Les faits le prouvent d’ailleurs parce que dans l’architecture institutionnelle actuelle que nous avons au Mali, le vice-président de la Transition, se prévalant d’être le gardien de l’expression populaire matérialisée par la Charte de la Transition, a plus de légitimité que le président de la Transition et le Premier ministre. Et en ayant la mainmise sur les forces de défense et de sécurité, le vice-président de la Transition maintient une épée de Damoclès par-dessus la tête des deux personnalités. Cette épée, justement est tombée sur leur tête et la leçon sera bien comprise par ceux qui sont tentés de remplacer Bah N’Daou et le Premier ministre.
En réalité, le bicéphalisme instauré à la tête de l’Etat ne pouvait que conduire à la crise que nous vivons actuellement. C’est parce que ce machin nommé Cédéao a voulu jouer au plus malin mais elle est aujourd’hui prise dans son propre jeu. En effet, en cherchant à faire coexister la Chartre de la Transition et la Constitution qui appelle une réforme profonde, avec comme conséquence deux pôles décisionnels au sommet de l’Etat, la Cédéao avait un très mauvais patchwork ayant conduit à la situation actuelle du Mali.

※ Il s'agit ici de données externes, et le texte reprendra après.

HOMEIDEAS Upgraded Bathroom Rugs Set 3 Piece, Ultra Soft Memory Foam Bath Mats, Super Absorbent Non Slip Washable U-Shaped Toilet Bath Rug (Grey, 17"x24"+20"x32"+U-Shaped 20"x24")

Effectivement, c’est difficile de toujours concilier les positions des deux plus hautes personnalités de l’Etat, quand l’une pose des actes au nom de la Constitution qui régit sa fonction de président de la République et l’autre fonctionne sur la base d’une Charte qui est censée corriger des distorsions notées dans la gestion des affaires publiques sur la base de la constitution qui se présente comme dépassée.
Faut-il alors reconduire ce schéma sans heurt ? Possible, à condition d’avoir un président de la Transition se contentant d’inaugurer des champs de chrysanthèmes, laissant la réalité du pouvoir à son vice-président qui détient la réalité du pouvoir car véritable pieuvre à la tête de l’appareil d’Etat pour tout happer au passage.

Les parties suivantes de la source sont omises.